21. . . .  free yourself of your device, for at least certain hours of the day—or at the very least, one hour.  Learn to be alone, all alone, without people and without a device that is turned on. . . 

22. . . .  saying less rather than more, which sometimes means cutting some of what you have, can be very effective: for one thing, it speeds up the pace of the writing a little; for another, the more explanation you cut, the more active the reader’s mind has to be, making connections.  The more active the reader’s mind, the happier the reader is, usually.  That’s why we like jokes, or one reason why—because the joke happens in our minds; we the listeners are the ones who make the connection. . . 

24. Keep in touch with the physical world. . .  Use the five senses in your writing if you want the physical world to be more a part of it: consider sight, hearing, smell, taste, and touch. . . 

26. . . .  about dialogue.  Listen to people talking and copy down the choicer bits of what you hear.  Copy phrases, sentences.  In this way, you will learn how people really speak.  We don’t usually speak very coherently or neatly.  We are often very brief in our exchanges. We often communicate in sentence fragments—that is, when we’re not being overly long, stumbly and messy, as we grope to express what we mean.  Your dialogue should reflect how we speak, though it will often be notched up a degree or two in order to be more intense, more colorful, and more dramatic.  But above all, dialogue should not consist entirely of neat, complete sentences. . . 

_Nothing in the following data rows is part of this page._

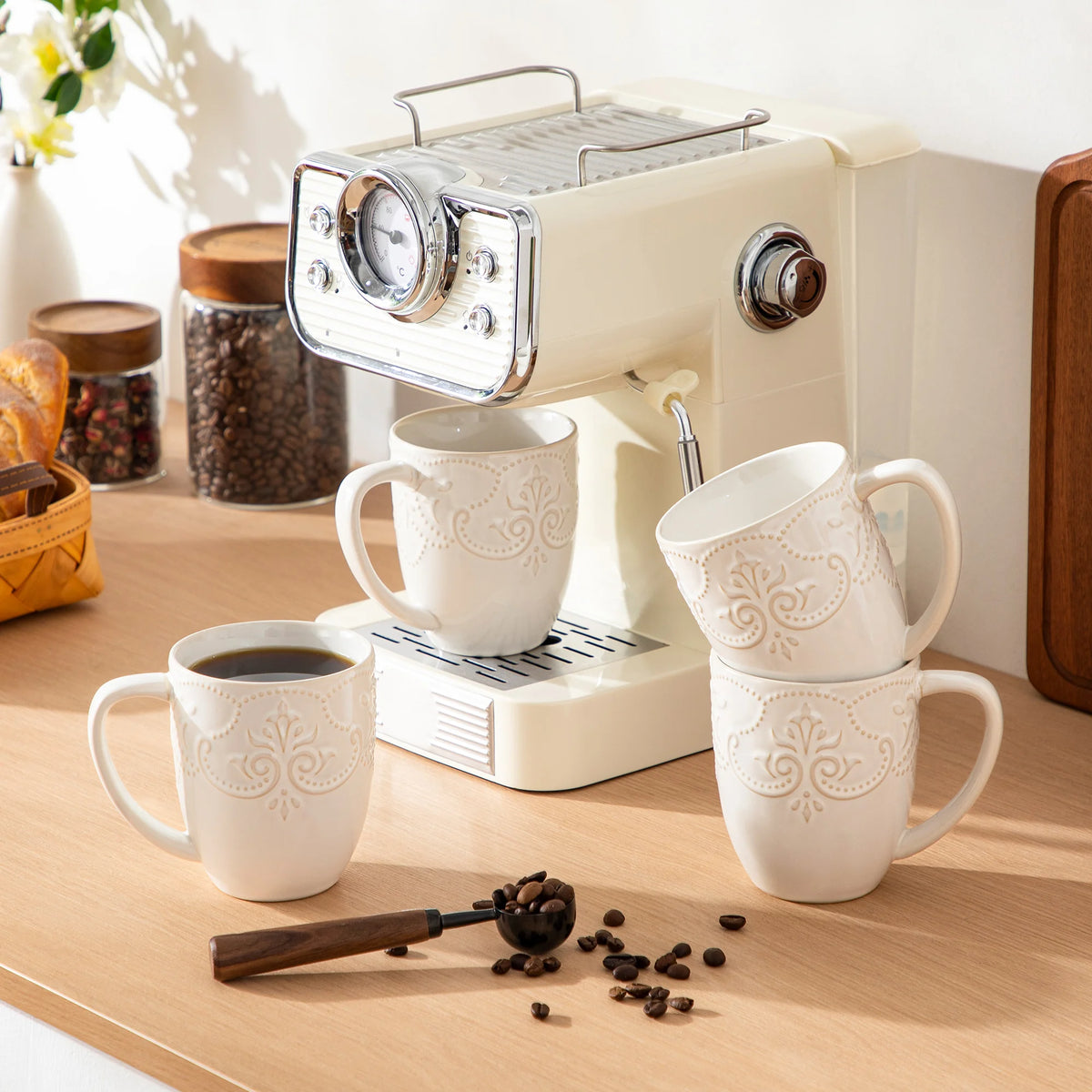 MALACASA GISELLE 4/8 PCS Porcelain Cup Sets 14 Oz Retro Relife Coffee Cup Sets Ceramic Mug Sets for Milk/Cappuccino Two Option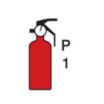 Square Powder 1 Fire Extinguisher Symbol Signs
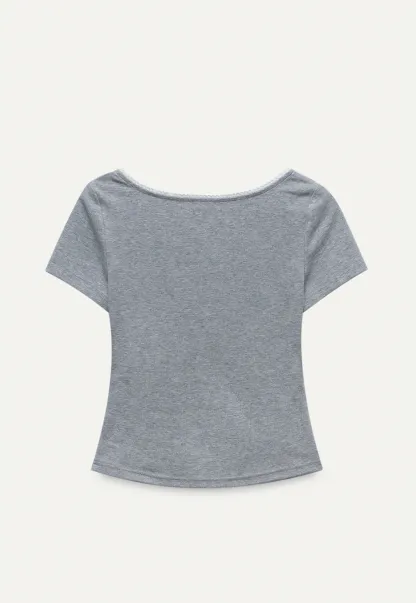 Women's Slim Fit Lace Trim T-Shirt
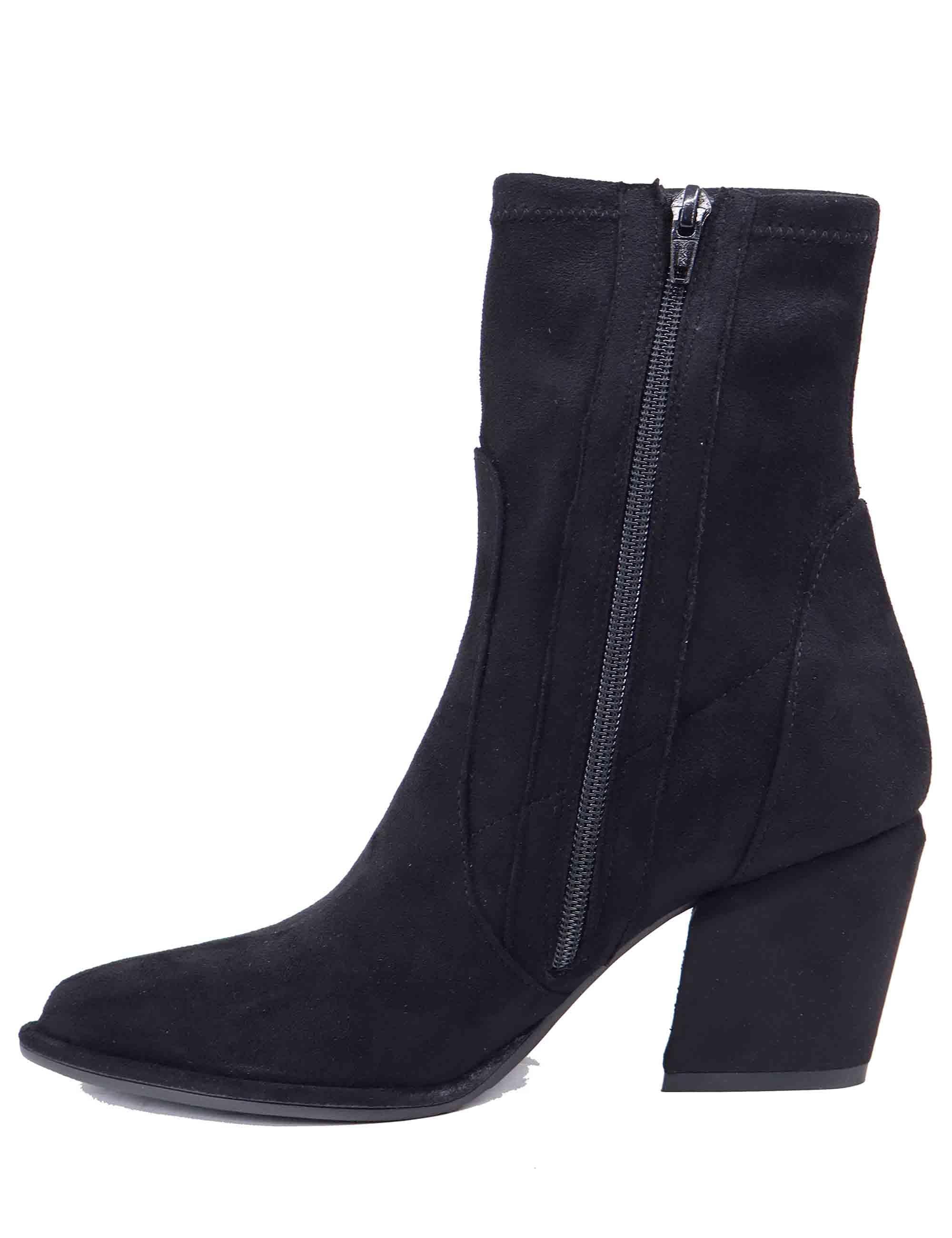 Stivaletti donna in alcantara nera con zip laterale SP1030 001 Spatarella 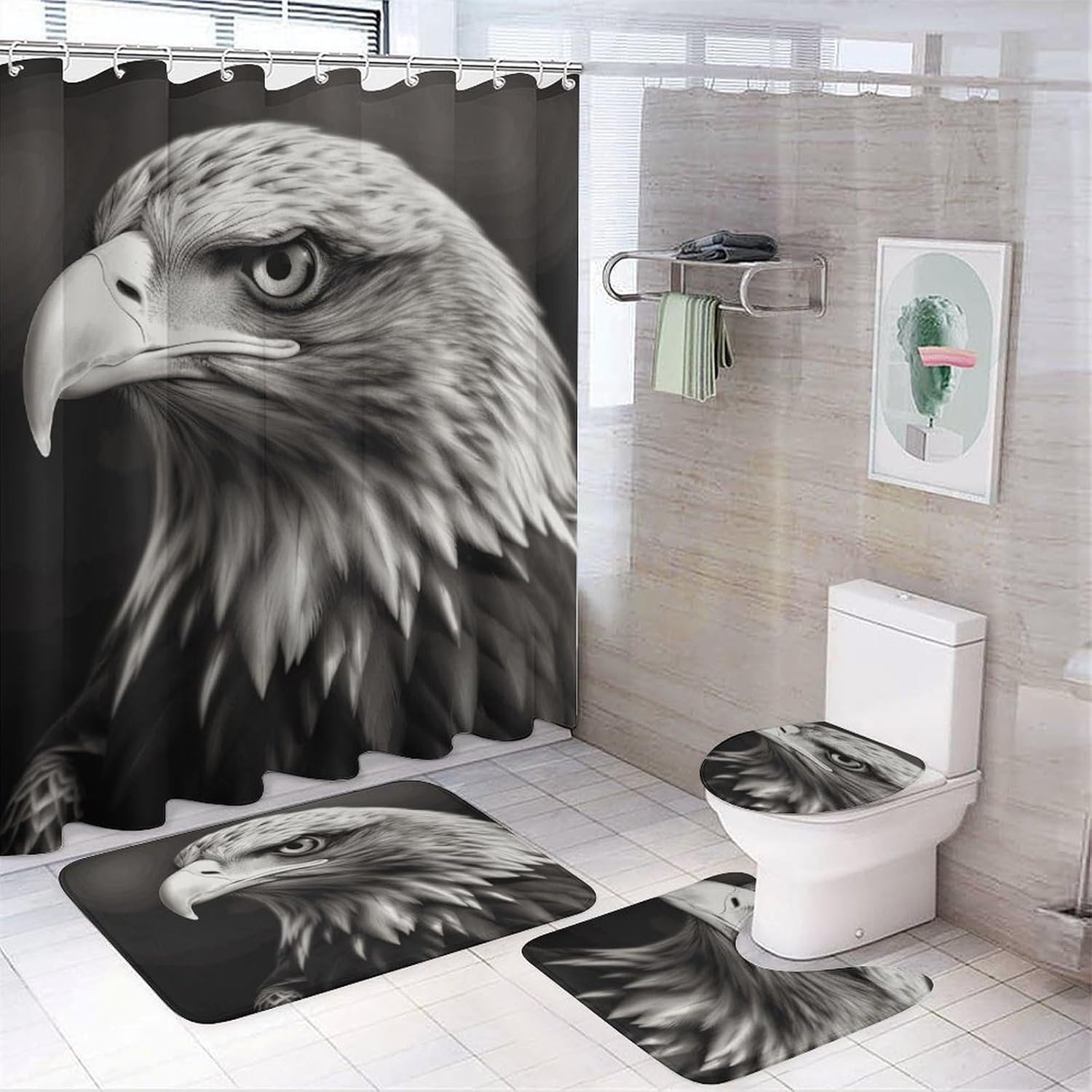 Eagle Black and White 4Pcs Shower Curtain Set with Non-Slip Rugs, Toilet Lid Cover and Bath Mat,Bathroom Set Decor Accessories,Curtain Set with 12 Hooks, 72 X 72 Inch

28. Learn at least one foreign language in your life, either on your own (it can be enjoyable) or in a class; read regularly in that foreign language; it will give you perspective on English and teach you more about English; and it will develop your mind and character. . .”

Lydia Davis –  Essays One

Freytag’s Pyramid

Gustav Freytag, the 19th Century German playwright and novelist, drew a simple triangle to represent dramatic structure and highlighted seven parts he considered necessary to storytelling: exposition, inciting incident, rising action, climax, falling action, resolution, and denouement (French for “the ending”).

7 elements of dramatic structure in Freytag’s Pyramid:

  1. Exposition: The storyteller sets the scene and the character’s background.
  2. Inciting Incident: The character reacts to something that has happened, and it starts a chain reaction of events.
  3. Rising Action: The story builds. There is often a complication, which means the problem the character tried to solve gets more complex.
  4. Climax: The story reaches the point of greatest tension between the protagonist and antagonist (or if there is only one main character, the darkness or lightness of that character appears to take control).
  5. Falling Action: The story shifts to action that happens as a result of the climax, which can also contain a reversal (when the character shows how they are changed by events of the climax).
  6. Resolution: The character solves the problem or conflict.
  7. Denouement: French for “the ending,” the denouement is often happy if it’s a comedy, and dark and sad if it’s a tragedy.